September 3, 2021
Denver Airport
Me, 16 hours into my flights from California to Utah. “Wait!” you say, “that’s longer than driving.” And yes, dear reader, you are correct.
September 1, 2021
Reading books about writers
There are a handful of things I don’t like in the books I read. For example, I don’t like reading books where a young female narrator meets up with an older woman to interview her or write her life story or whatever and then blah blah intertwining plots and somehow they are connected to each other. The Alice Network and The Seven Husbands of Evelyn Hugo are examples of this.

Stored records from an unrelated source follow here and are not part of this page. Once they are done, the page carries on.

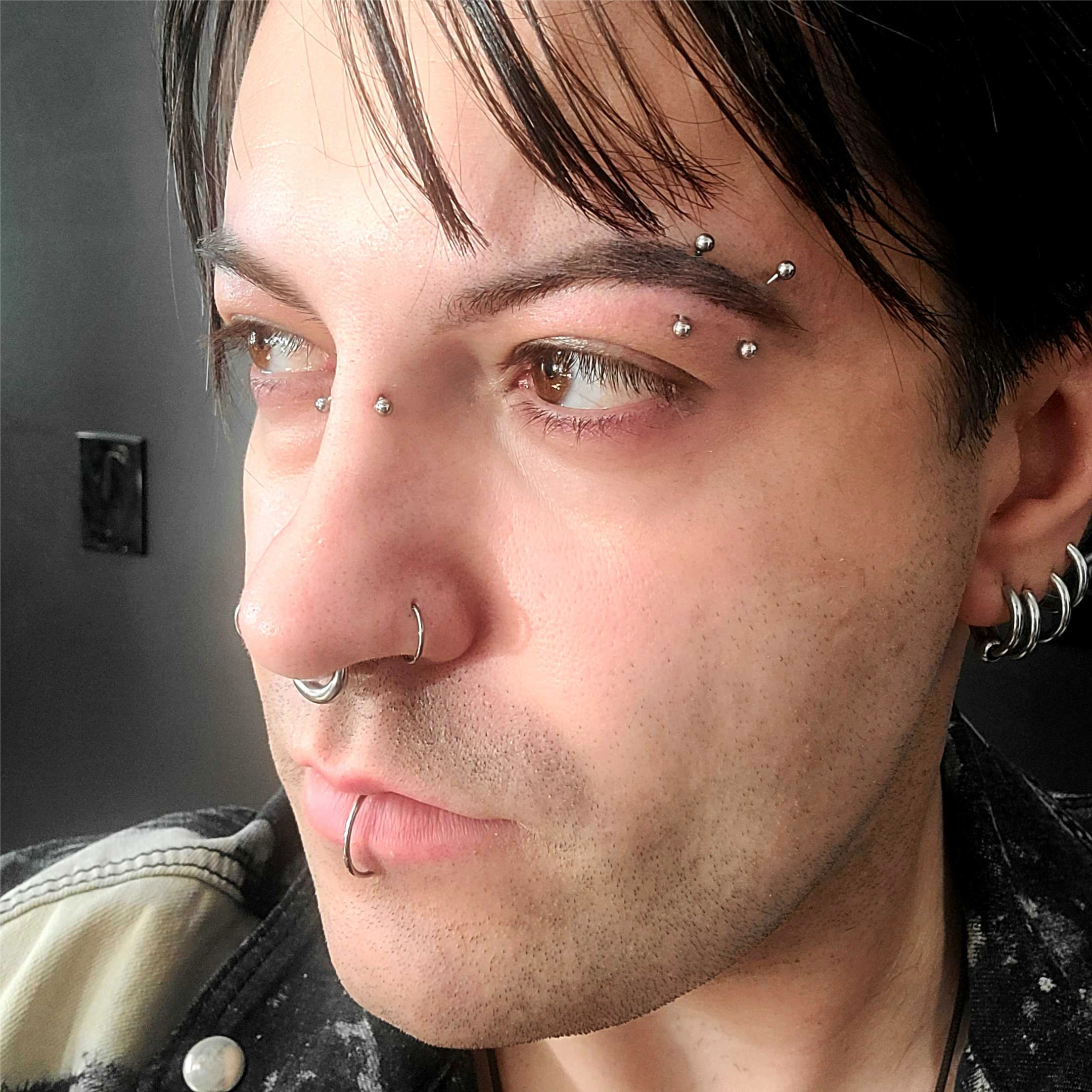 Brow Thread And Tint at ShadowBrow Manor LLC in Fleming Island, FL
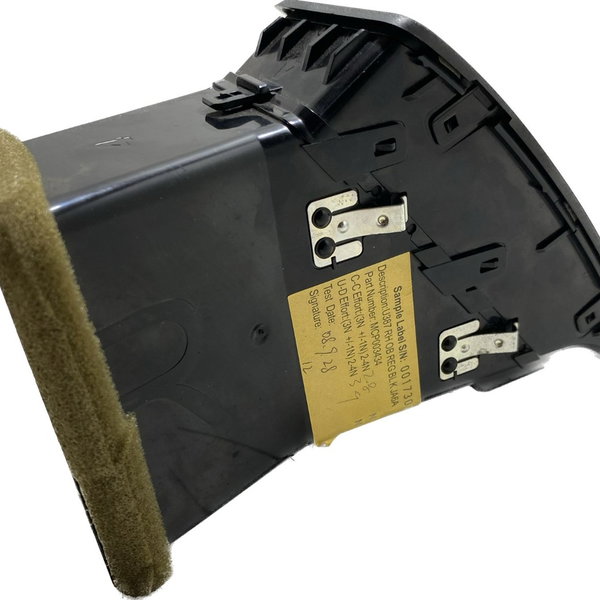 Difusor Ar Canto Direito Painel Ford Edge 2007/2010 Cx371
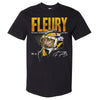 Marc-Andre Fleury Pittsburgh Hockey Mask WHT by 500 LEVEL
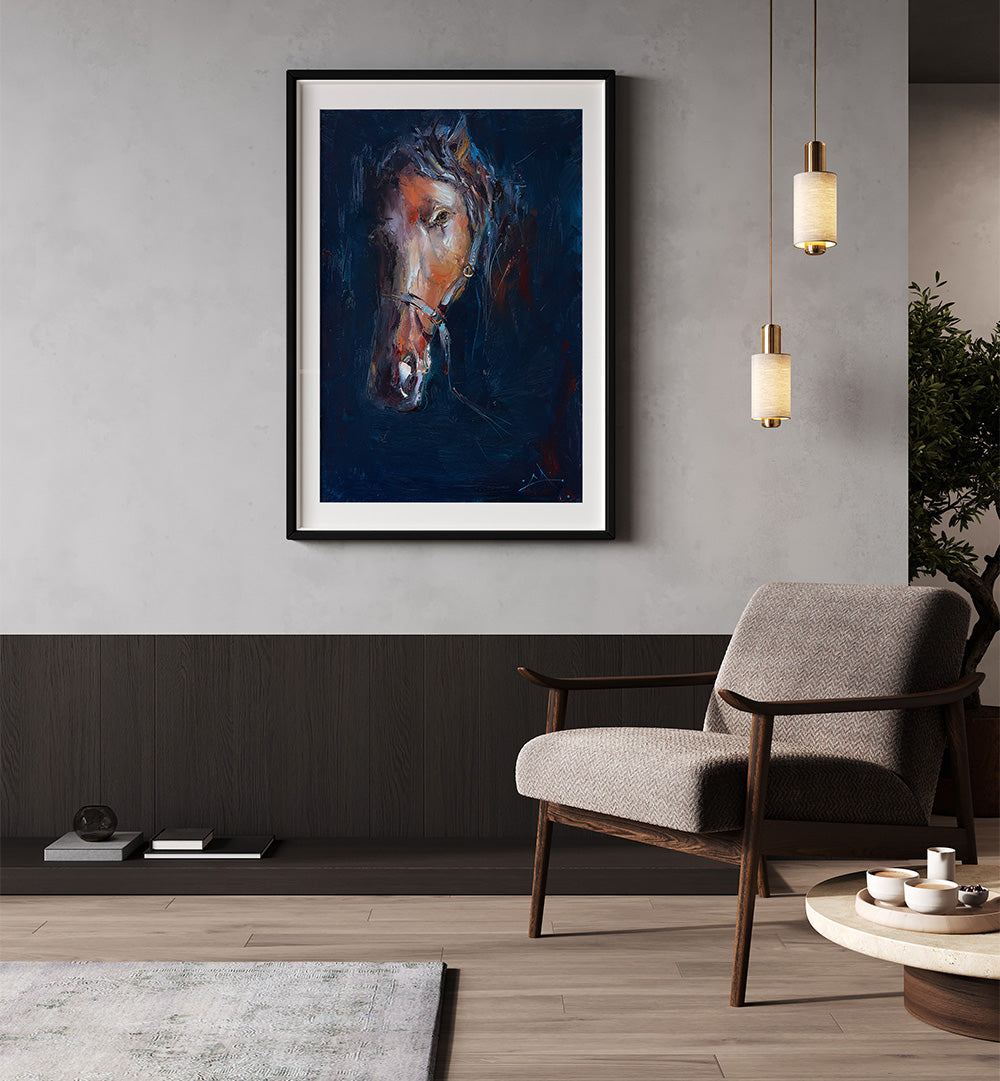 MYSTIC POWER , ANIMAL PAINTINGS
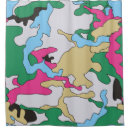 Search for army shower curtains Modern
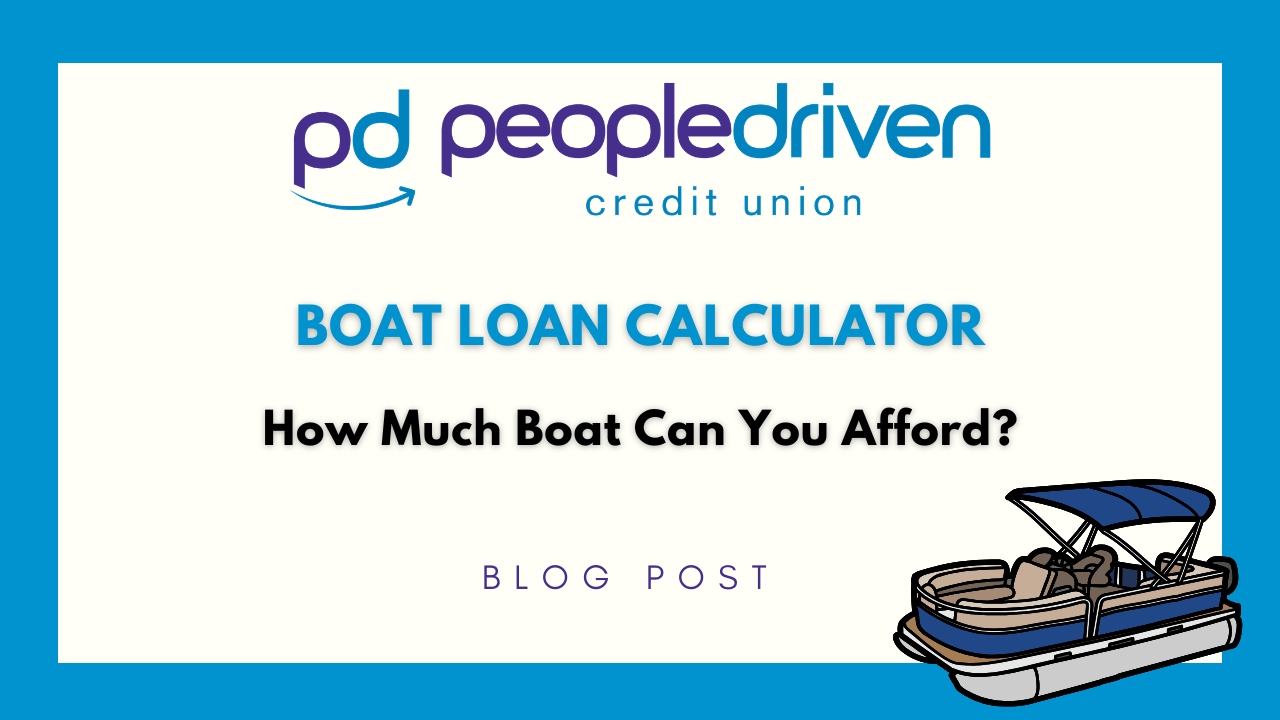 Graphic: Boat Loan Calculator: How Much Boat Can You Afford?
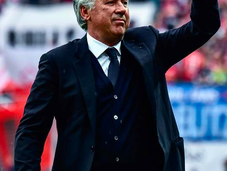 Ancelotti Corriere dello Sport: “Juventus favorita, Milan Inter avvicinano. Sogno quarta Champions”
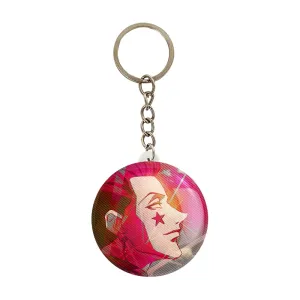 جاکلیدی هیسوکا جوکر انیمه هانتر ایکس هانتر  Hunter × Hunter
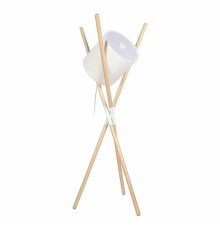 Торшер Loft IT Bobbin 10245F White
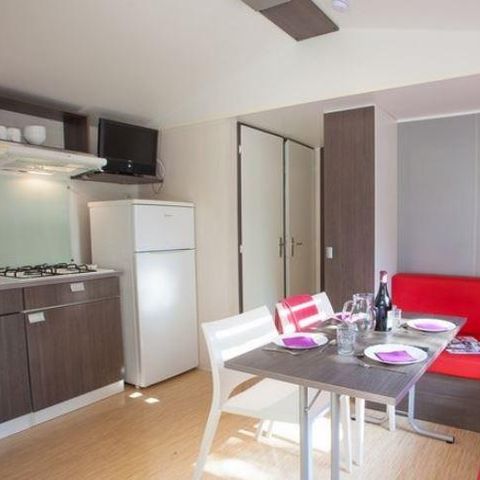 BUNGALOW 4 personnes - O'HARA 784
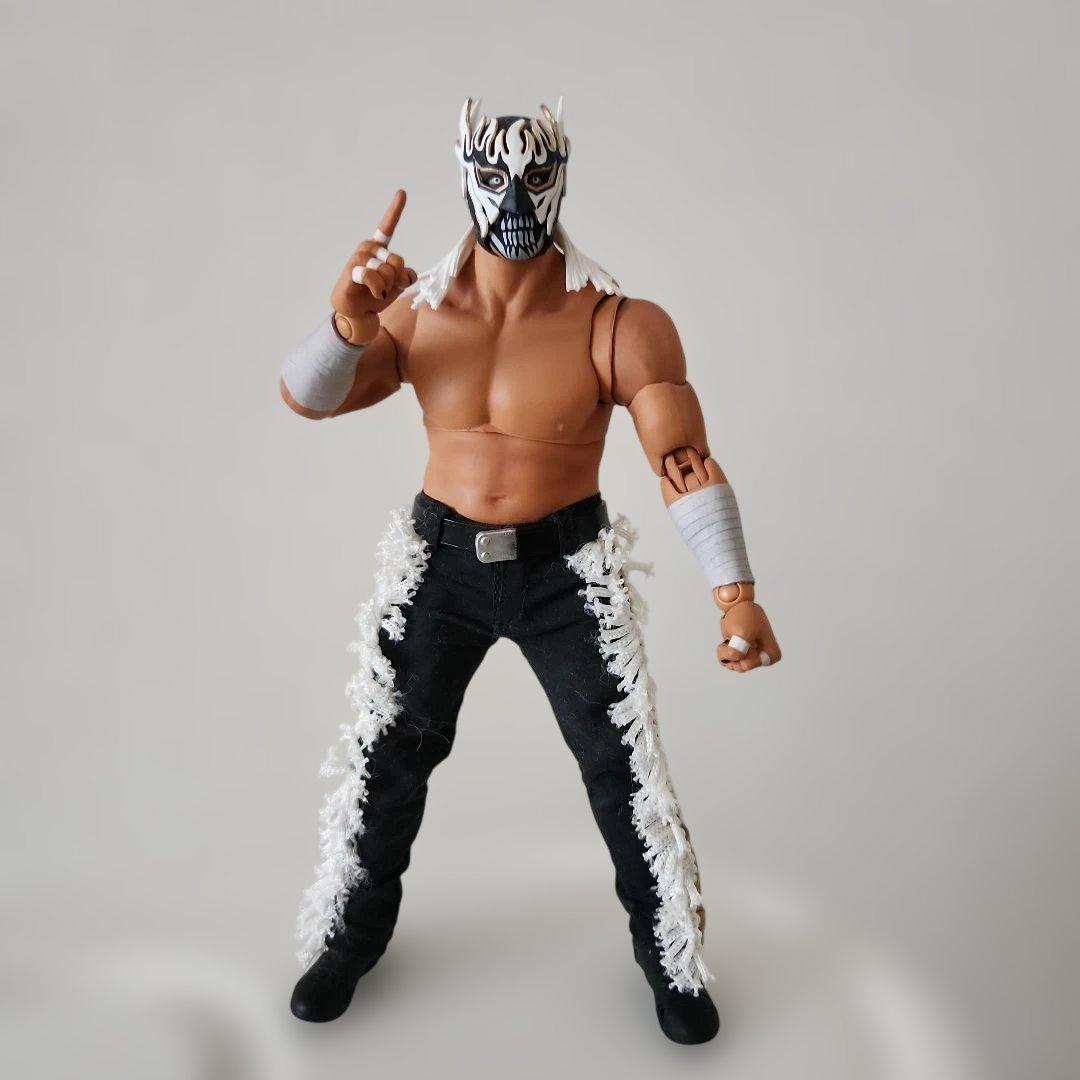 エル・デスペラード　Storm Collectibles アクションフィギュア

Something even worse is reading a book about someone writing a book. It’s just so meta. Jo March in Little Women is the perfect example. It’s a book about a woman writing a book about her life. I think this comes from the whole “write what you know” concept that creative writing teachers and also Gabriel Byrne’s character in little women (Frederick?) like to teach.
I’m currently reading two books. If you know me well, you will be thinking, “only two?” Which is the correct response, honestly.
On The Road by Jack Kerouac is about a young man who in between writing books and articles and maybe screenplays goes on a series of road trips.
Beach Read by Emily Henry is about a woman with writer’s block who moves to a beach town in order to write her next romance novel.
Can I just be done reading about writers? No. Because all the great writers have written about writing.
They’ve also written about New York.
Because the setting for 79.78% of both fiction and Taylor Swift’s 1989 is….you guessed it, New York.
When I write a book it will be about a young writer living in New York interviewing or getting to know an older woman as she figures out what to write.
I just described the plot of how many novels? Cate probably knows.